Casi todos pensamos que la democracia es, por definición, un régimen que respeta los derechos fundamentales de todos, que permite la igualdad de las personas, que protege a las minorías y que es tolerante con los diferentes y la diversidad. Pero, en realidad y en puridad, la democracia no es incompatible con la dictadura. Es más, como afirma Carl Schmitt, siguiendo a Max Weber, es posible que la mejor forma de realización de la democracia es la dictadura, en la medida en que un dictador carismático y popular es elegido por la masas como su hombre de confianza. La dictadura, por tanto, puede ser antiliberal pero no por ello antidemocrática.

Como ya lo dijo hace un tiempo Fareed Zakaria, una democracia no tiene que ser liberal, como lo demuestran los regímenes populistas y fundamentalistas del orbe. Es más, una democracia puede estar basada en la exclusión social y política, como es el caso de los Estados Unidos esclavistas y de “iguales pero separados” y la Sudáfrica del apartheid. Solo la democracia fundada en el Estado Social, como lo propuso Herman Heller en los 30 del siglo XX y como lo establece el artículo 7 de la Constitución de 2010, puede conducir a una democracia sin ciudadanos de segunda clase, sin discriminación, marginalidad ni exclusión. Pero, técnica e históricamente hablando, es cierto que, como señala Schmitt, “siempre han existido en una democracia esclavos o personas total o parcialmente privadas de sus derechos y relegadas de la participación en el poder político, se llamen como se llamen: bárbaros, no civilizados, ateos, aristócratas o contrarrevolucionarios”.
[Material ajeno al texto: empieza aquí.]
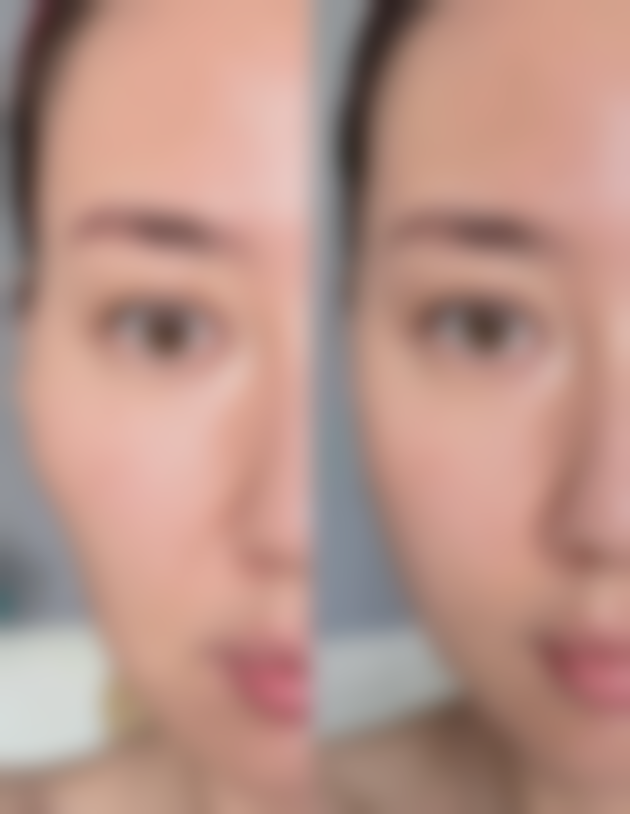 奥美定隆鼻导致鼻子变形的情况有哪些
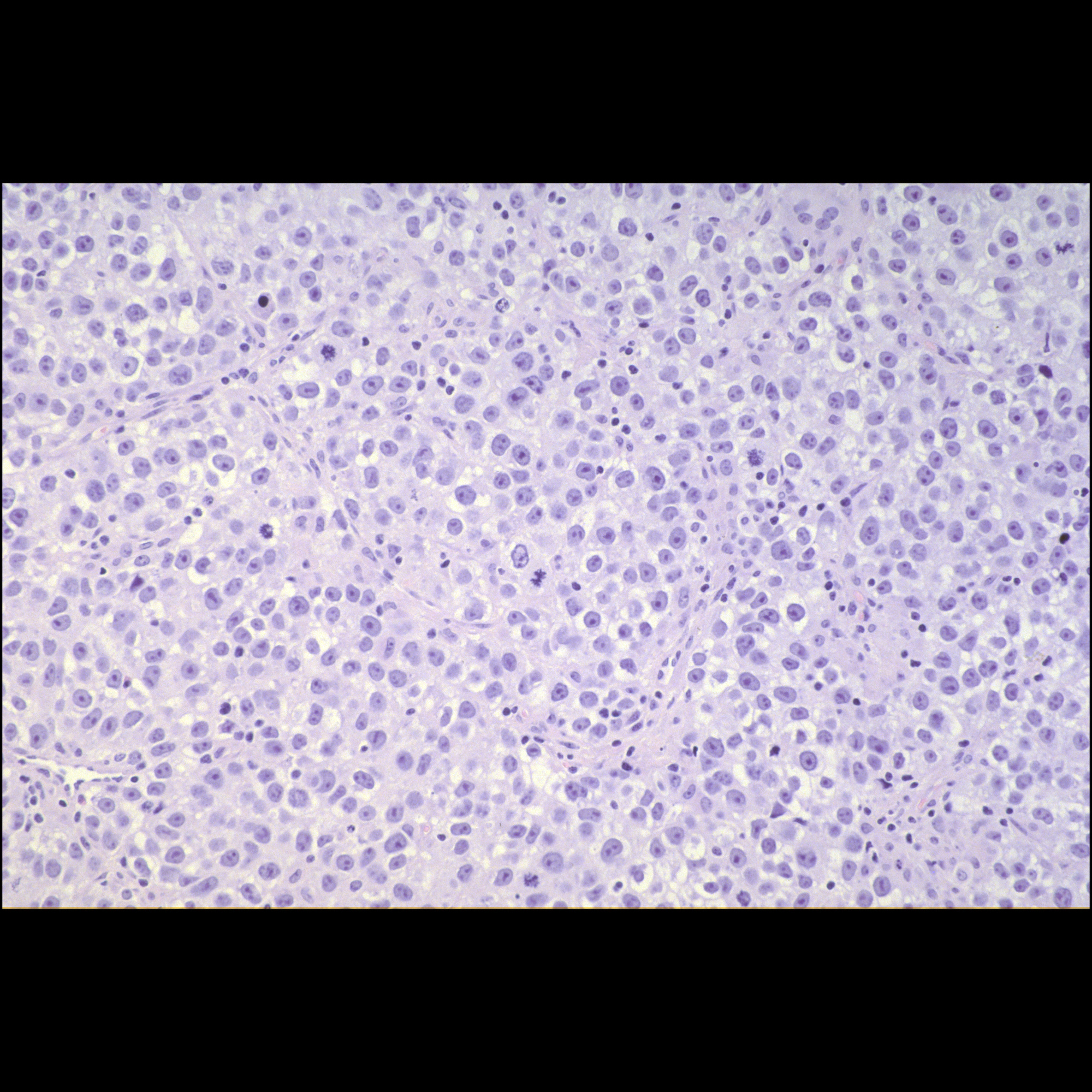 Mico Path OvarianTumor02CAP42DysgerminomaTorsedMicroPathThree | Pediatric ...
Más aún: la democracia no tiene necesariamente que fomentar lo que hoy conocemos como participación ciudadana. Como lo demuestran las democracias realmente existentes de los países de nuestra América atrapados en las redes del populismo, la democracia puede ser demagógica, centralista, verticalista y opresiva. El pueblo puede participar, claro. Pero del modo que un cuerpo no organizado lo puede hacer, es decir, como la multitud que pidió liberar a Barrabás, por gritos o por aclamación (¡arriba, abajo, viva, muerte, sí, no!). En el fondo, la democracia populista desconfía de un pueblo al que no le cree capaz de tomar decisiones articuladas.

Así como la democracia no tiene que ser necesariamente liberal del mismo modo el liberalismo no tiene que mostrarse democrático. El caso del Chile del general Augusto Pinochet ilustra cómo es posible estructurar un régimen autoritario que proteja sino todas por lo menos algunas libertades, principalmente las económicas, compatibles con el libre mercado. No por casualidad, como bien ha demostrado Renato Cristi, el Estado autoritario liberal que proponía Schmitt, que mezclaba una economía libre con un Estado fuerte y se concretó en Chile, fue explícitamente apoyado por el viejo megaliberal Friedrich A. von Hayek.

Hoy, esta idea de un gobierno autoritario liberal vuelve a estar de moda, como denuncia Jesús Silva-Herzog Márquez en su blog, al señalar a aquellos pensadores que defienden el golpe de Estado en Egipto contra un régimen democrático antiliberal como el de Morsi, para que se pueda así establecer primero un sistema de mercado libre que, luego, permita transitar a la democracia. Con razón afirma el escritor que “despreciar la importancia procedimental de la democracia es un retroceso intelectual gravísimo (…) El peligro contemporáneo no es solamente el de los populismo antiliberales. También lo es el de los liberalismos antidemocráticos”.

En realidad, lo que estamos viviendo a nivel planetario es tanto una erosión de la democracia como del liberalismo, que nos conduce a regímenes donde se encontrarían limitadas tanto la participación democrática, que queda excluida del nivel de las libertades económicas y de los espacios de integración regional, como las libertades, que son reducidas al ámbito de lo esencial para el funcionamiento del libre mercado. Así quedan libres los macro poderes salvajes del mercado para actuar a su antojo a nivel global, permanece restringida la participación democrática a las decisiones políticas irrelevantes, son limitados los derechos sociales de las masas y de los trabajadores y los derechos del debido proceso, de expresión y de intimidad de las personas son reducidos a su mínima expresión, bajo un régimen de excepción global permanente justificado en la eterna lucha contra el difuso y confuso terrorismo.

En las provincias del globo, nos toca reclamar los valores democráticos, sociales y liberales que hoy abandona el Primer Mundo. Como lo revela el reciente caso de la detención del avión de Evo Morales, los países menos avanzados no nos podemos dar el lujo de prescindir del Derecho y vivir bajo la ley del más fuerte. Hoy la civilización reside en las colonias y las metrópolis están pobladas de salvajes que reniegan de los valores de la civilización euroatlántica, del Estado de Derecho y de la democracia como conquistas políticas y culturales.